Probably nothing. Maybe I want to get the information because it's the only thing about the phones I can find out."
"What do you mean?"
"It's been nagging at me," I said. "Not what I sent TJ for, that's easy enough to find out with or without his help. But I was sitting up last night and it struck me that the only contact with the kidnappers was phone contact. That was the only trace they left of themselves. The abduction itself was clean as a whistle. A few people saw them, and even more people saw them take that schoolteacher off Jamaica Avenue, but they didn't leave anything you could use to reel them in. But they did make some phone calls. They made four or five calls to Khoury's house in Bay Ridge."
"There's no way to trace them, is there? After the connection is broken?"
"There ought to be," I said. "I was on the phone yesterday for over an hour with different phone-company personnel. I found out a lot of things about how the phones work. Every call you make is logged."
"Even local calls?"
"Uh-huh. That's how they know how many message units you use in each billing period. It's not like a gas meter where they're just keeping track of the running total. Each call gets recorded and charged to your account."

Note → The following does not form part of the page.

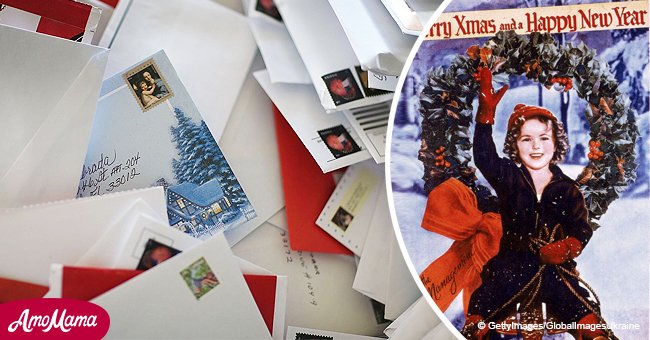 ¿Guardas las tarjetas de Navidad que recibes por correo? Podrían valer algo de dinero ahora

"How long do they keep that data?"
"Sixty days."
"So you could get a list—"
"Of all the calls made from a particular number. That's how the data is organized. Say I'm Kenan Khoury. I call up, I say I need to know what calls were made from my phone on a given day, and they can give me a printout with the date and time and duration of every call I made."
"But that's not what you want."
"No, it's not. What I want is the calls made to Khoury's phone, but that's not how they log them, because there's no point. They've got the technology to tell you what number's calling you before you even pick up the phone. They can mount a little LED gadget on your phone that'll display the number of the calling party and you can decide whether or not you want to talk."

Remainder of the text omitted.